Much like the author photo proudly displayed on the back cover, Back With The Human Condition presents itself as a serious collection, but one that is filled with slightly more relaxed and satirical moments. At face value the book feels like a philosophical exploration. Love. Money. Death. Complaints. And while the gravity of the first three subjects can weigh heavily, it is the fourth and final, the slight twist, that delights and carries itself throughout the collection.
These four sections act as a guide, a reference point by which we can look into the poems. Through them Ascroft focuses the readers attention in a very effective manner, the subjects are after all relatable to us as readers in some way. And by keeping his overarching subjects so broad, we can read our own experiences into his writing. It is a rare thing for an author to pull this off successfully, but Ascroft has managed it, seemingly with ease.
Reading through the collection, one can see the fine crafting that has gone into each and every poem. In ‘The Tide’ we find a powerful description of a lover’s touch.
Your touch if it was made of notes wouldn’t be in the woodwind from
the bulrushes at your voice’s base, curling up and down your throat
and flowering into tight seedheads of words, but in the syncopation
of high black ticking piano keys, offbeat and ticklish like long grass.

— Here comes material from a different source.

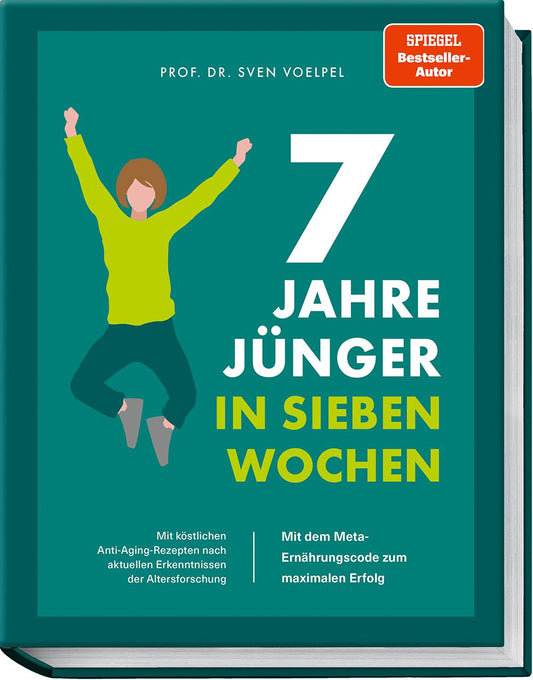 7 Jahre jünger in 7 Wochen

The images conjured by Ascroft’s elegant poetry can instil powerful and relatable emotions in the reader. And while this poem grabbed my attention, each person who picks up this book could find a poem or passage that truly speaks to them, that connects with their own human condition.
On the other side there are poems that border on the satirical, and clever poems whose enjoyment comes from a more simple part of human nature. The poem Subject-Verb Agreement plays around with language on multiple levels, titles like Whereby I Compare You to a Cow and Try to Dig My Way Out, and Jonathan Relieves Himself out a Bus Window in India are enough to illicit a chuckle, and poems like This Poem Is Guaranteed to Awaken a Coma Victim play around with modern conventions. Back With the Human Condition recognises and explores all parts of human nature, providing a varied and enjoyable experience.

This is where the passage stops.